Bessere Gründe sprechen m.E. für die erste Ansicht, verkommt der Besitzbegründungswille doch sonst zur reinen Symbolik und wird seiner zentralen Bedeutung beraubt. Etwas zu besitzen, wovon man keinerlei Kenntnis hat, widerspricht den zentralen Voraussetzungen, denn dann ist die Möglichkeit der Ausübung der tatsächlichen Sachherrschaft nicht gegeben.
Damit scheidet mangels Besitzes auch ein Eigentumserwerb nach § 937 BGB aus. B hat damit kein Eigentum an den Geldscheinen.
Finderlohn nach § 971 BGB
Fraglich ist, ob B zumindest einen Anspruch auf Finderlohn hat. Dies erfordert, dass die Geldscheine besitzlos, aber nicht herrenlos waren (Palandt/Bassenge, Vorbem. § 965 Rn. 1). Jedenfalls war die Stiftung als Erbe Eigentümer (s.o.), sodass die Scheine nicht herrenlos waren. Die Stiftung dürfte aber auch nicht Besitzer gewesen sein. Hier hatte sie auch keine Kenntnis vom Versteck, mithin keinen Besitz. Allerdings greift die Besonderheit des § 857 BGB – der Besitz des Erblassers geht auf den Erben über. Dies würde dazu führen, dass auch kein Anspruch auf Finderlohn bestünde.

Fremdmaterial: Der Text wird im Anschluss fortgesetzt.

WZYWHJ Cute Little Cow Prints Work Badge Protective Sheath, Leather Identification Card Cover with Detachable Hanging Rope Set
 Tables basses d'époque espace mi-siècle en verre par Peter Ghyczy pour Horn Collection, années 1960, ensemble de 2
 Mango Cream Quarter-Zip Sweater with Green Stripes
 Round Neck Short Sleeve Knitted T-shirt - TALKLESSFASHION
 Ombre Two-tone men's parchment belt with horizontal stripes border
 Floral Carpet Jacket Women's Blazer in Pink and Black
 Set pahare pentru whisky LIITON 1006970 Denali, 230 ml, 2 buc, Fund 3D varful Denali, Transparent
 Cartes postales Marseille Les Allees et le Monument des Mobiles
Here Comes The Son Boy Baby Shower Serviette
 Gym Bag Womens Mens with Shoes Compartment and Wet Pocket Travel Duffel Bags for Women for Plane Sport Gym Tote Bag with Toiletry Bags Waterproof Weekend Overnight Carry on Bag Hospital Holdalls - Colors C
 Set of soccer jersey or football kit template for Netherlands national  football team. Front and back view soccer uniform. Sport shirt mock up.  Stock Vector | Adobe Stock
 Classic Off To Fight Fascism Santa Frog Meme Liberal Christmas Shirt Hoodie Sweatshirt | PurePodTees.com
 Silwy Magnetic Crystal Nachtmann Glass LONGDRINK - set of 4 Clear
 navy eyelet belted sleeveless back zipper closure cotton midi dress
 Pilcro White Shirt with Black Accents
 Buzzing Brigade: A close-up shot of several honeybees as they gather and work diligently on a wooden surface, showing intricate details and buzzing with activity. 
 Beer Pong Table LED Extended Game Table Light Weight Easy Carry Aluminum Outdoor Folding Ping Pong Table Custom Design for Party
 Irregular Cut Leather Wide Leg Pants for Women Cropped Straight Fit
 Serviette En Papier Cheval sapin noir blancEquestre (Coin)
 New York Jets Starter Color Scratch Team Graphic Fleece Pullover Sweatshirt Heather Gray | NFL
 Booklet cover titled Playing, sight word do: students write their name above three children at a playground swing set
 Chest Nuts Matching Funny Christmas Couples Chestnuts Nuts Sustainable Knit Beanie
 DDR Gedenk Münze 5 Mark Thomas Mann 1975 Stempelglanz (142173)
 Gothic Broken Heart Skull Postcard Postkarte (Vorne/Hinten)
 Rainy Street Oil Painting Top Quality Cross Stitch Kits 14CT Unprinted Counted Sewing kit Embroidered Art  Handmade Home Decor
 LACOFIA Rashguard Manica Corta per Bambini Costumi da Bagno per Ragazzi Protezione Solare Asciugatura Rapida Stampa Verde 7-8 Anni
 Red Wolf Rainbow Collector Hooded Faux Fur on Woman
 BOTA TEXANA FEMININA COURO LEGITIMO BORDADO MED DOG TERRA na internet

Fraglich ist, ob dieses Ergebnis aufrechterhalten werden kann. Zweck des § 857 BGB ist es insbesondere den Erben weiterhin den Schutz des § 935 BGB zuzugestehen. Im konkreten Fall stellt sich die Situation hingegen so dar, dass die fehlende Kenntnis von dem Versteck dem Verlust einer Sache gleicht, bei dem stets ein Fund bejaht werden muss. Es bestehen damit gute teleologische Gründe, den § 857 BGB so zu reduzieren, dass er nicht bei einem Fund greift. Damit sind die Geldscheinde hier trotz § 857 BGB als besitzlos i.S.d. §§ 965 ff BGB anzusehen. B hätte damit einen Finderlohnanspruch (a.A. gut vertretbar).
Fazit
Es zeigt sich damit, dass sich durch kleinere Modifikationen aus einem vermeintlich leichten Fall eine dogmatisch schwierige Konstellation entwickeln lässt, die für eine mündliche Prüfung perfekt geeignet ist.
Bei der hier vorgeschlagenen Lösung handelt es sich um kein Muster, jede andere gut begründete Ansicht kann auch vertreten werden und würde in einer mdl. Prüfung auch honoriert.